Rich investors bought huge plantations along the Mississippi River where the land was cheap and river transportation of bales of cotton to New Orleans and world markets was available. The tycoons of the new plantation empires went to the slave markets with orders for thousands of slaves. The price of young, strong field hands was greatly inflated. Slave holders in Northern and border states began to sell their slaves in large numbers. Being "sold down the river" (i.e. down the Ohio, Missouri, and Mississippi Rivers for sale to large plantations) was the bitter experience of many slaves. Many slave families were dissolved by the terms of the sale, the logistics of their transfer to new owners, and the realities of labor on the new plantations.

Massive selling of slaves down the river over a few decades resulted in a "whitening " of Northern and border states and a "blackening" of the deep South. This set the stage for the psychological and cultural alienation of North and South that led to the Civil War.

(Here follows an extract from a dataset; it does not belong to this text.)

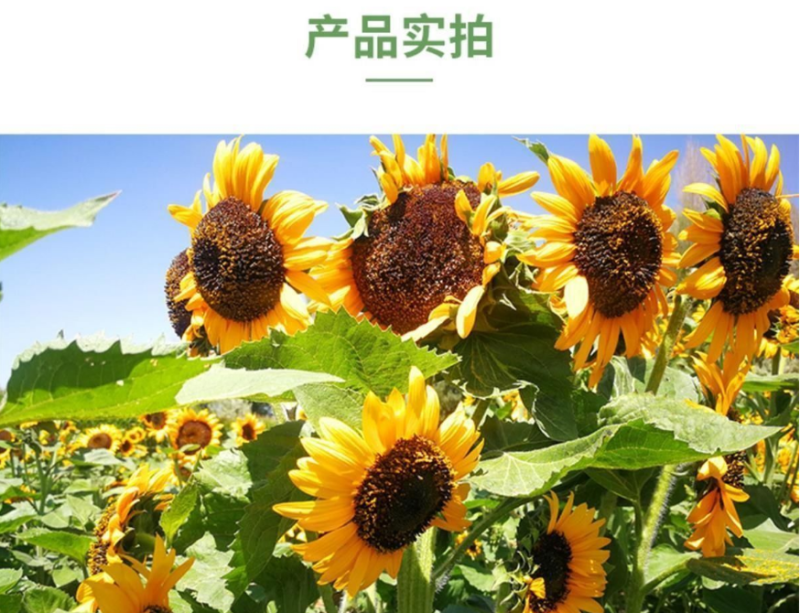 【籽大壳薄】大型食用向日葵种子高产瓜子种子大粒葵花籽阳台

The huge cotton plantations on the Mississippi were not run by the planters as they often were in Virginia. The were run by hired overseers. Slave quarters were situated a great distance from the planter's mansion. This was very different from My Old Kentucky Home, a song written by Stephen Foster, a white northerner, about the nostalgic love of a slave for his home. As Foster sat on the veranda of his friend's home in Bardsville, Kentucky, he was fifty yards from the little cabins where the slaves lived. As Foster sipped his mint julep in the twilight, he romantically fantasized about how the happy slaves love their cozy little cabins.

However, not even Foster could find anything romantic to say about the isolated slave quarters in the Mississippi plantations. Since the slaves were out of sight, the planters did not know if the overseers were kind or cruel, and in many

cases did not want to know. The hired overseers had no chivalry or genteel manners like the old planter class, but were closer in type to prison wardens. The new plantations were essentially prison systems, and the work was done by black chain gangs driven by the whip.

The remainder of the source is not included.